Segment Start: Information supplied

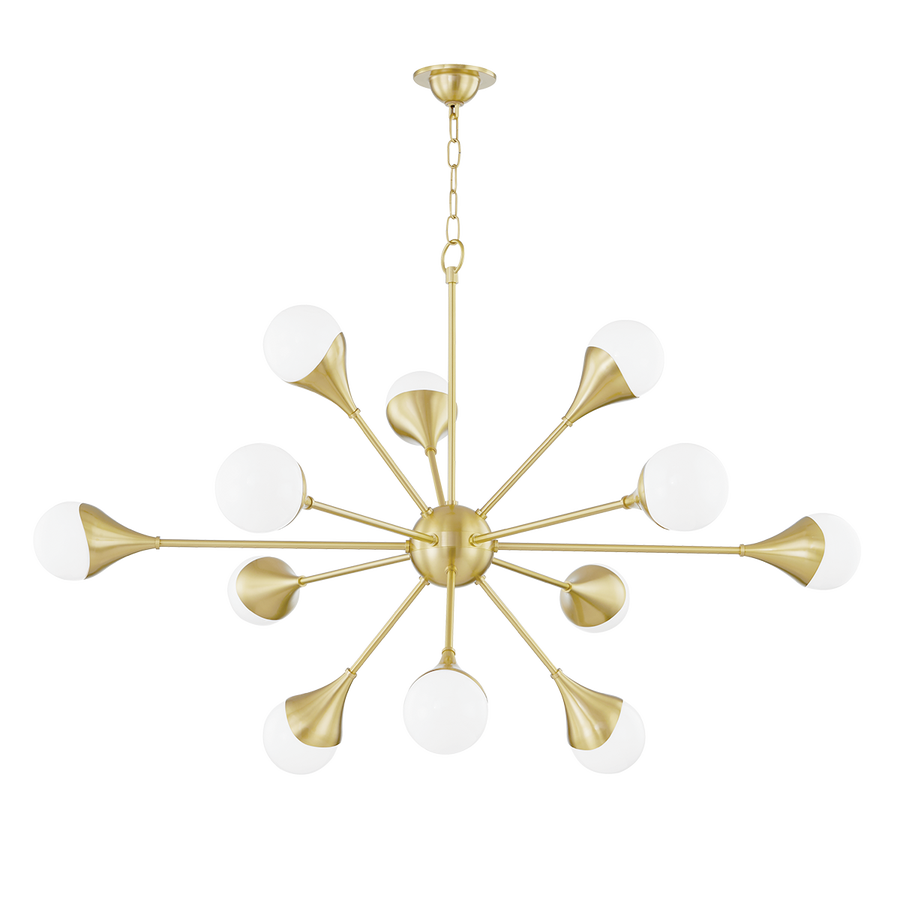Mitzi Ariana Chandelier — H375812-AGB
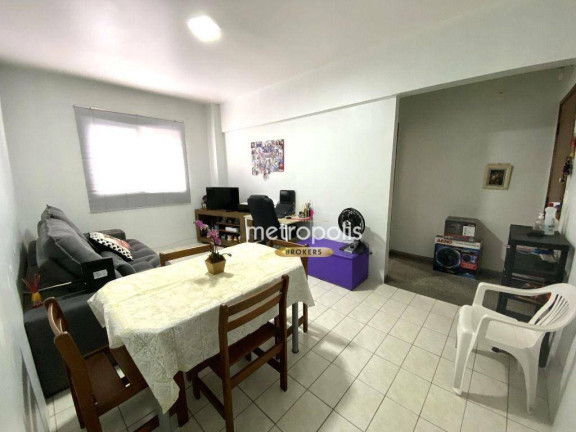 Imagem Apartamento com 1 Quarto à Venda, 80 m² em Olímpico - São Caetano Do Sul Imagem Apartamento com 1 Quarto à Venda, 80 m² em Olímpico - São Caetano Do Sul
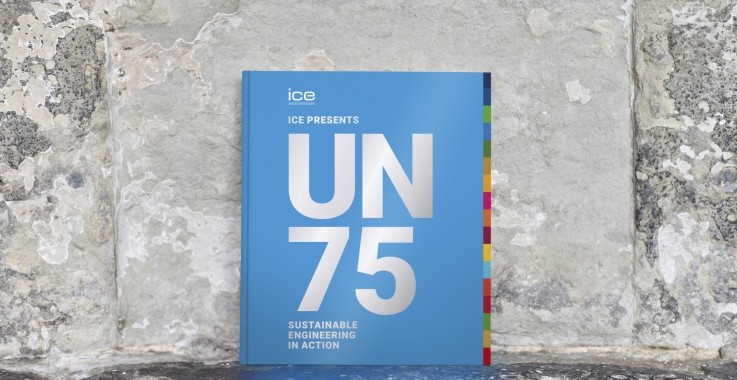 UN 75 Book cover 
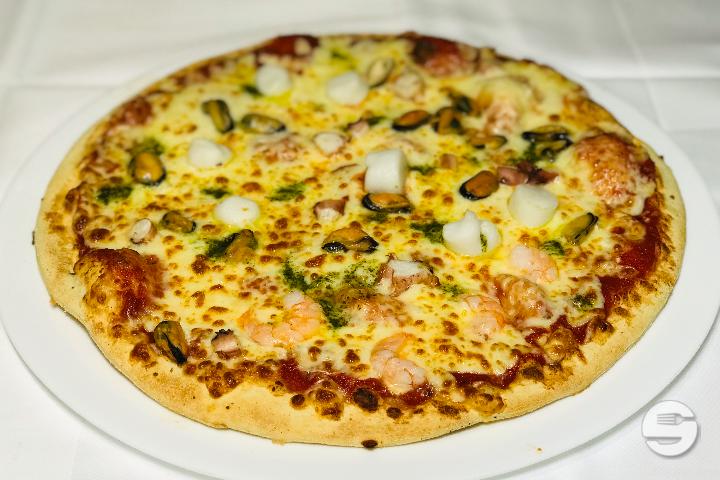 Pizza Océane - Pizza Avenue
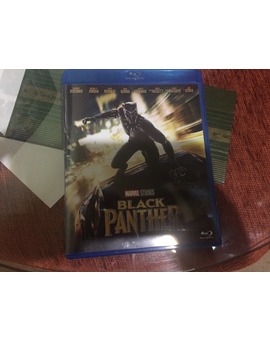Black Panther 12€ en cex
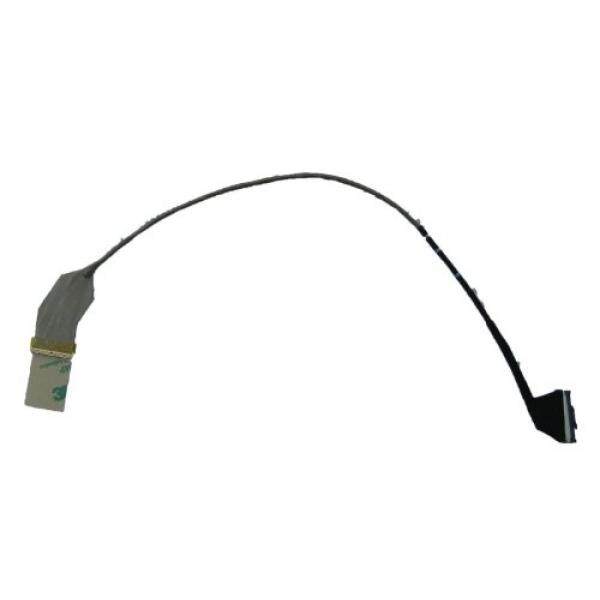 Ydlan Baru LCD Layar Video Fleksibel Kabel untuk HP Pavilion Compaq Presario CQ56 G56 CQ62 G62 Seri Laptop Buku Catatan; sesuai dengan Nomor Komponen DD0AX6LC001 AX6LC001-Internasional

Segment End: Information supplied

**Task details**: The entries above need to be transcribed exactly, with the images left out.

**Task result**:
Mitzi Ariana Chandelier — H375812-AGB
 Imagem Apartamento com 1 Quarto à Venda, 80 m² em Olímpico - São Caetano Do Sul Imagem Apartamento com 1 Quarto à Venda, 80 m² em Olímpico - São Caetano Do Sul
 UN 75 Book cover 
 Pizza Océane - Pizza Avenue
Black Panther 12€ en cex
 Ydlan Baru LCD Layar Video Fleksibel Kabel untuk HP Pavilion Compaq Presario CQ56 G56 CQ62 G62 Seri Laptop Buku Catatan; sesuai dengan Nomor Komponen DD0AX6LC001 AX6LC001-Internasional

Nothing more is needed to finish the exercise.